• **EXERCISE INPUT**

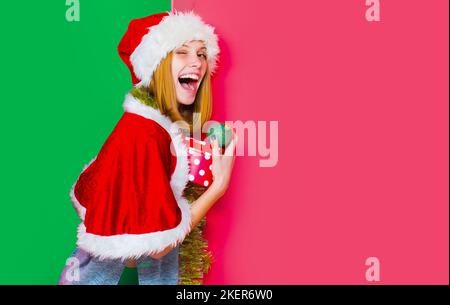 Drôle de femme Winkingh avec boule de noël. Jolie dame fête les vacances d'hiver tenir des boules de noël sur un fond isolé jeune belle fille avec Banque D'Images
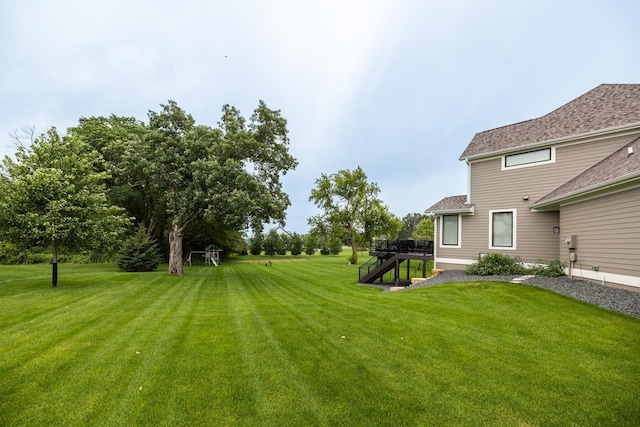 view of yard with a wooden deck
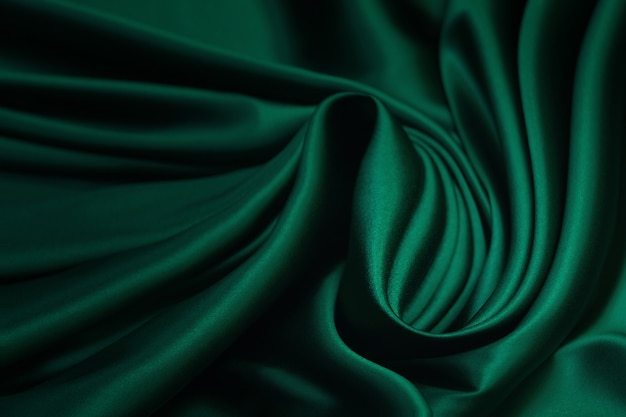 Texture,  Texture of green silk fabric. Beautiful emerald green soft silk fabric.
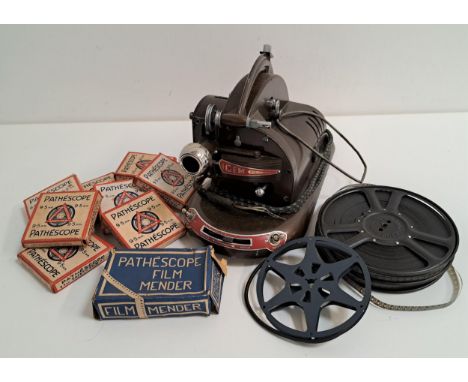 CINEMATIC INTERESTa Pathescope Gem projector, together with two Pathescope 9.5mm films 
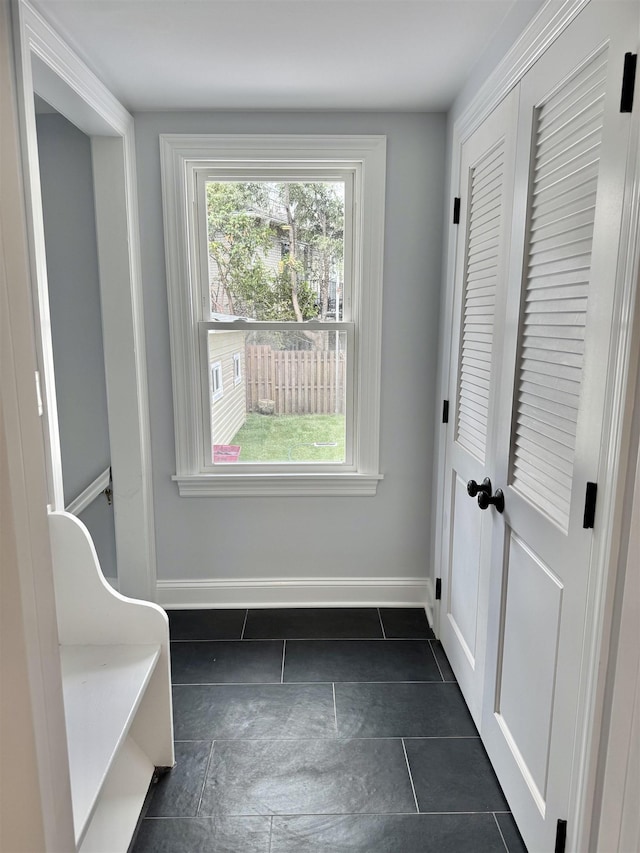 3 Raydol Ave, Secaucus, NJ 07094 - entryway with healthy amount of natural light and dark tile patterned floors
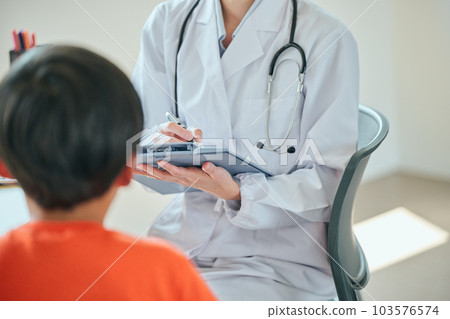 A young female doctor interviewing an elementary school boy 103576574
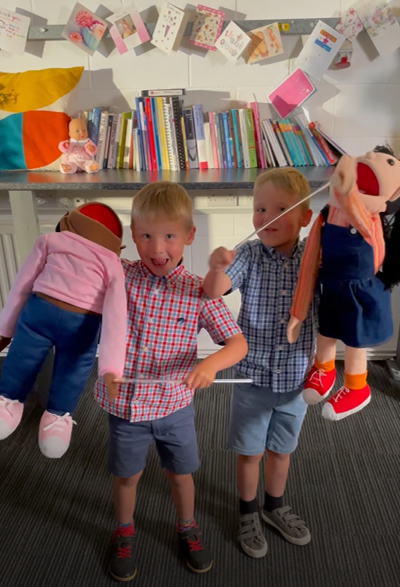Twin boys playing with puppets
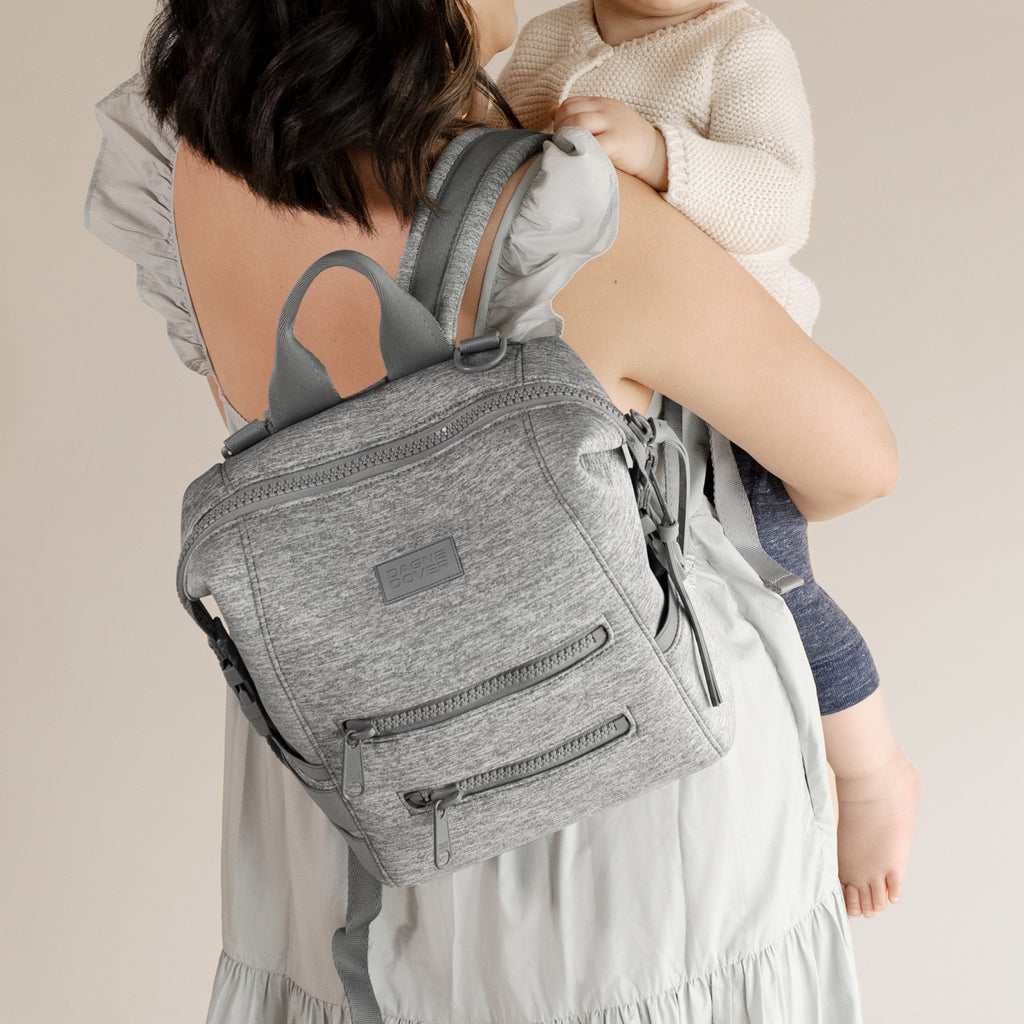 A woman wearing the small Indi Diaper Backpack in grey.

• **YOUR OBJECTIVE**
Please reproduce the entries above exactly, omitting every picture.

• **REPLY TO THE EXERCISE**
 Drôle de femme Winkingh avec boule de noël. Jolie dame fête les vacances d'hiver tenir des boules de noël sur un fond isolé jeune belle fille avec Banque D'Images
 view of yard with a wooden deck
 Texture,  Texture of green silk fabric. Beautiful emerald green soft silk fabric.
 CINEMATIC INTERESTa Pathescope Gem projector, together with two Pathescope 9.5mm films 
 3 Raydol Ave, Secaucus, NJ 07094 - entryway with healthy amount of natural light and dark tile patterned floors
 A young female doctor interviewing an elementary school boy 103576574
Twin boys playing with puppets
 A woman wearing the small Indi Diaper Backpack in grey.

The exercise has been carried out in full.